La inteligencia artificial ha revolucionado el panorama tecnológico en los últimos años, transformando la creación de software, la búsqueda de información y la generación de contenido visual con simples instrucciones a chatbots. Sin embargo, la IA aún no ha encontrado una manifestación física predominante en los dispositivos cotidianos, manteniéndose principalmente en aplicaciones móviles, a pesar de los esfuerzos de startups y otras entidades por integrarla en el hardware. El auge de la IA generativa ha disparado inversiones y expectativas, aunque su monetización y aplicación tangible sigan siendo desafíos clave para la industria.
Según la investigación publicada por The New York Times, OpenAI, líder mundial en el desarrollo de IA, se propone abordar este desafío con una audaz estrategia que fusiona talento creativo y capacidad financiera.
Sam Altman, CEO de OpenAI, anunció la adquisición de IO, una startup fundada hace un año por Jony Ive, ex diseñador jefe de Apple responsable del icónico diseño del iPhone, por la suma de 6.500 millones de dólares en acciones. Esta operación, que une a dos figuras prominentes de Silicon Valley, busca inaugurar una «nueva familia de productos» para la era de la inteligencia artificial general (IAG), término que alude a una tecnología futura con capacidades cognitivas equiparables a las humanas. Esta adquisición se produce en un momento en que la competencia en el campo de la IA se intensifica, con grandes tecnológicas invirtiendo fuertemente en investigación y desarrollo.

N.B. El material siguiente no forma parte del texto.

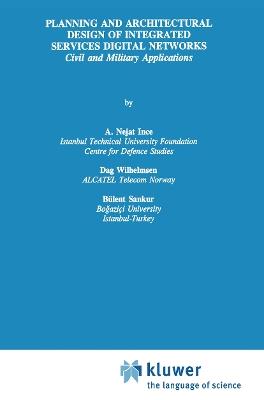 Planning and Architectural Design of Integrated Services Digital Networks: Civil and Military Applications - A. Nejat Ince,Dag Wilhelmsen,Bülent Sankur - cover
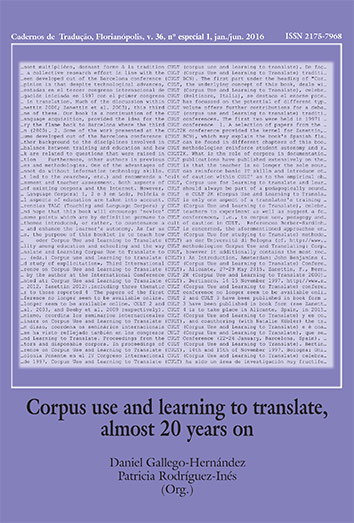 					Visualizar v. 36 n. 1 (2016): Corpus Use and Learning to Translate, almost 20 Years on
				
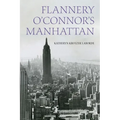 Flannery O'Connor's Manhattan - Hardcover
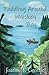 Paddling Around Whiskey Bay by Joanne K Gentile
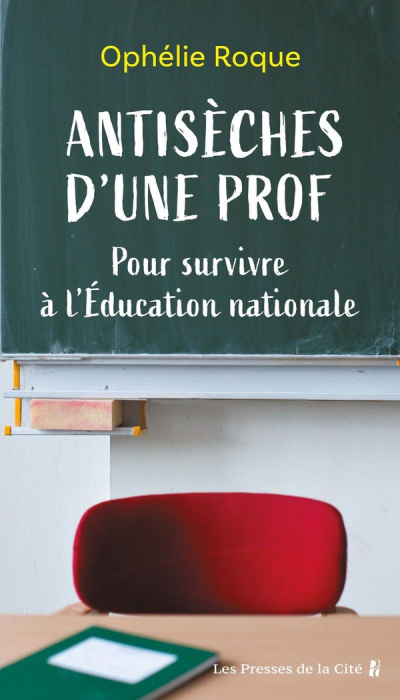 Emprunter Antisèches d'une prof. Pour survivre à l'Education nationale livre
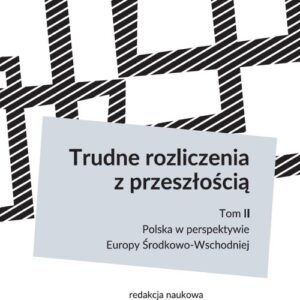 Trudne rozliczenia z przeszłością. tom 2: Polska w perspektywie Europy Środkowo-Wschodniej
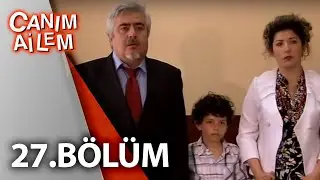 Canım Ailem| 27.Bölüm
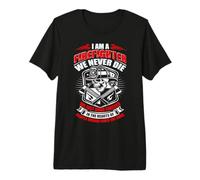 I'm A Firefighter We Never Die Funny Fireman Fighters Lovers Maglietta Premium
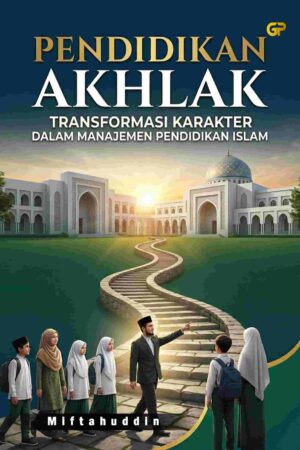 PENDIDIKAN AKHLAK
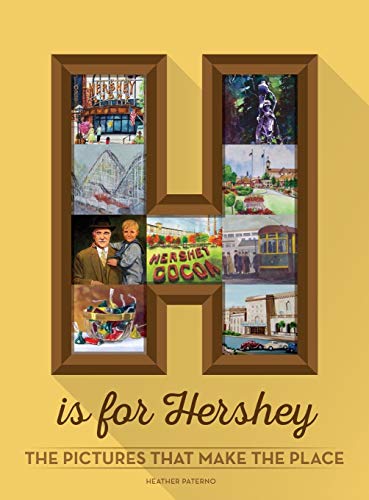 H Is For Hershey [Hardcover]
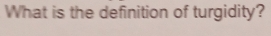 What is the definition of turgidity?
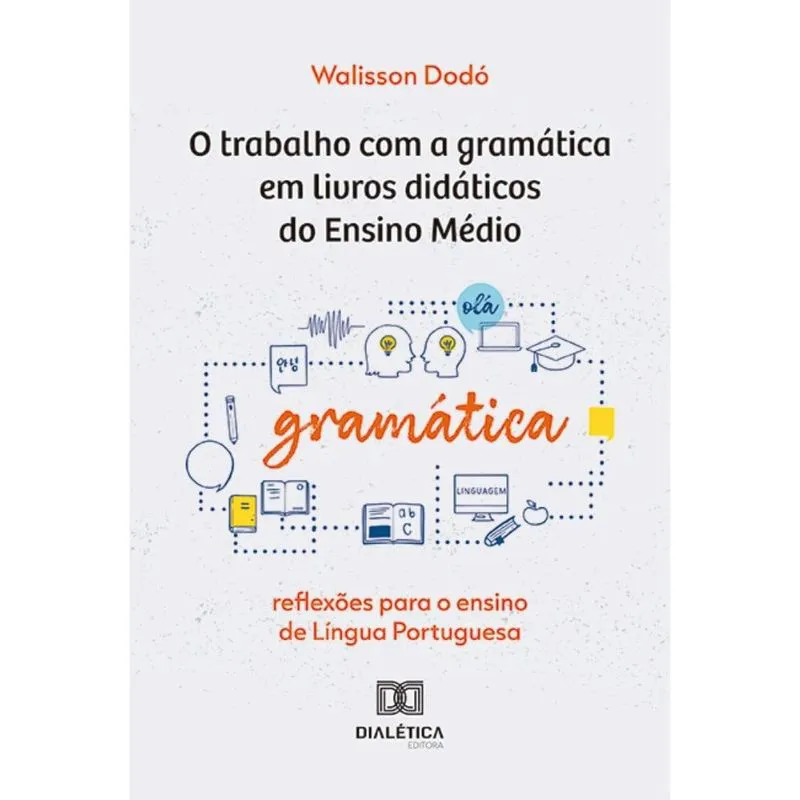 O trabalho com a gramática em livros didáticos do Ensino Médio: reflexões para o ensino de Língua Portuguesa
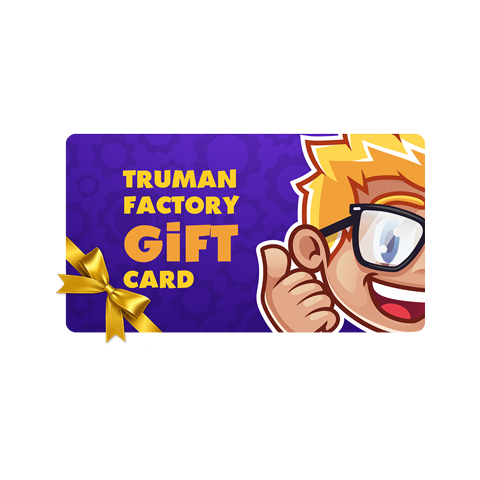 Truman Factory Gift Card!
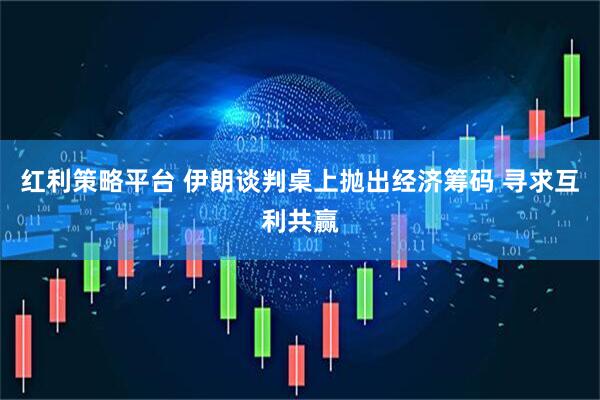 红利策略平台 伊朗谈判桌上抛出经济筹码 寻求互利共赢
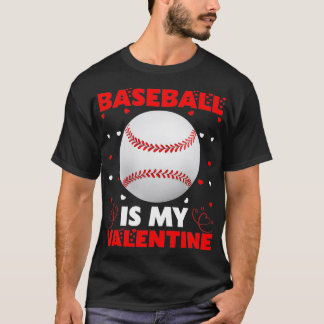 Baseball Is My Valentine Gift Baseball Valentine's T-Shirt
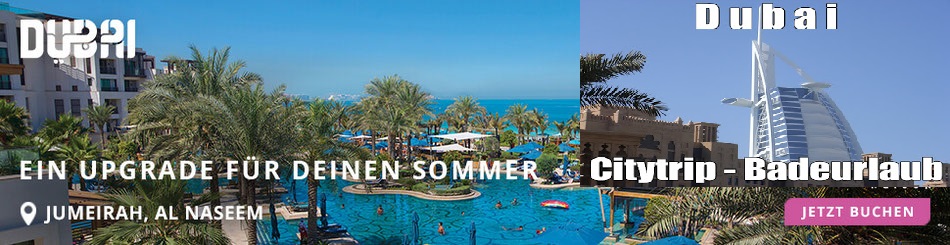 Dubai Top Angebote Luxusreisen zum Schnäppchen-Preis Dubai last minute & more mit Neckermann Alltours Reisen Meiers Weltreisen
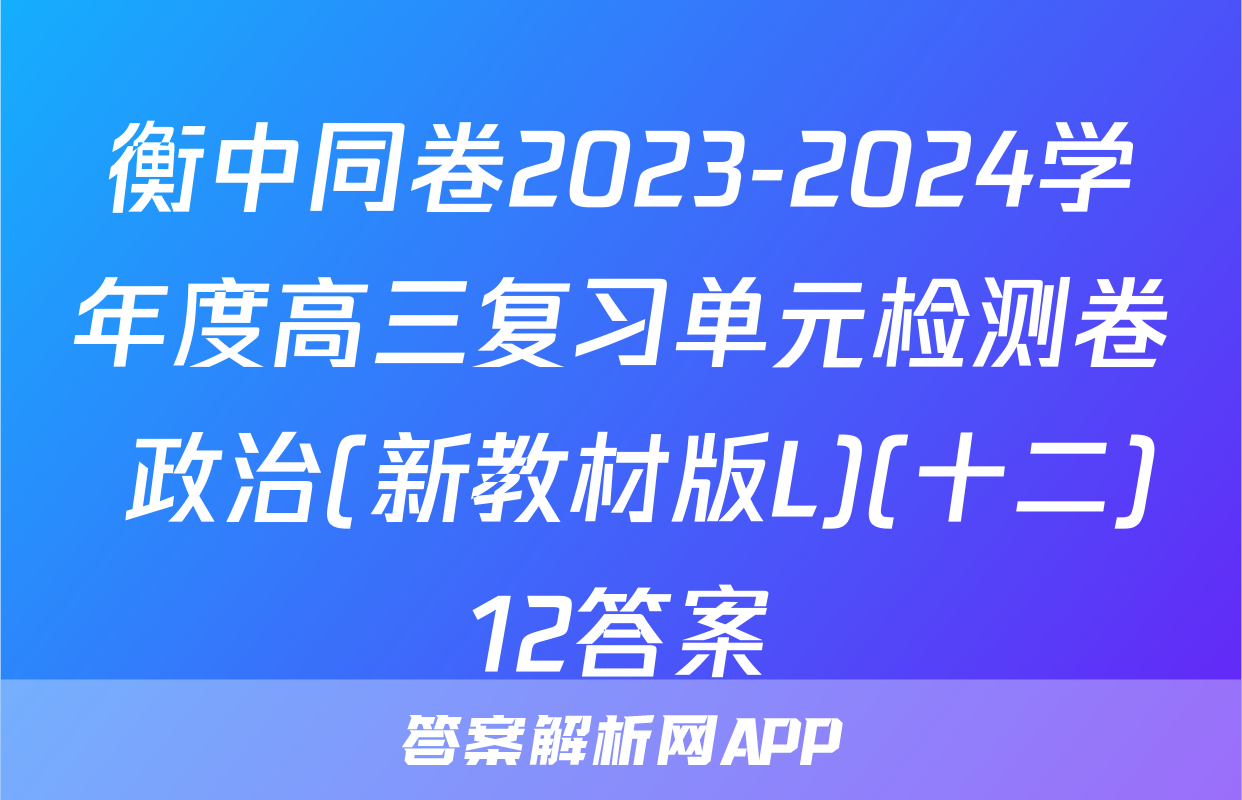 衡中同卷2023-2024学年度高三复习单元检测卷 政治(新教材版L)(十二)12答案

La adquisición, la mayor realizada por OpenAI hasta la fecha, incorporará a Ive y su equipo de aproximadamente 55 ingenieros e investigadores. Asumirán responsabilidades creativas y de diseño en toda la organización, enfocándose en la creación de hardware que facilite una interacción más intuitiva con la tecnología. La experiencia de Ive en diseño industrial, combinada con la potencia de la IA de OpenAI, podría dar lugar a interfaces de usuario más naturales y dispositivos que se integren de manera transparente en la vida cotidiana.
Aunque Altman e Ive se abstuvieron de revelar detalles específicos sobre estos dispositivos, anticiparon que compartirán más información el próximo año. Ive, de 58 años, describió la ambición del proyecto como «galáctica», con el objetivo de crear «productos asombrosos que eleven a la humanidad». Altman, de 40 años, añadió que buscan ofrecer alternativas a los productos existentes, superando las limitaciones de los smartphones y allanando el camino para la «computación ambiental», donde la IA procesa el mundo en tiempo real a través de dispositivos como colgantes o gafas, respondiendo preguntas y analizando información de manera fluida.
Altman ya había invertido en Humane, una empresa que exploró esta visión con la creación de un pin con IA, pero la startup fracasó poco después del lanzamiento de su producto. Este revés subraya los riesgos y desafíos inherentes a la creación de nuevos paradigmas en la interacción humano-máquina.
Ive expresó cierto arrepentimiento por el impacto del iPhone, mencionando la ansiedad y las distracciones derivadas de la conectividad constante. Altman compartió este sentimiento, describiendo su relación actual con la tecnología como «una calle concurrida en Nueva York o una Las Vegas llena de luces intermitentes». El objetivo es aprovechar la IA para dar sentido a este exceso de información y estímulos. La consultora Gartner anticipa que para 2027, la inversión en tecnologías que mitiguen los efectos negativos de la sobrecarga informativa aumentará un 40%.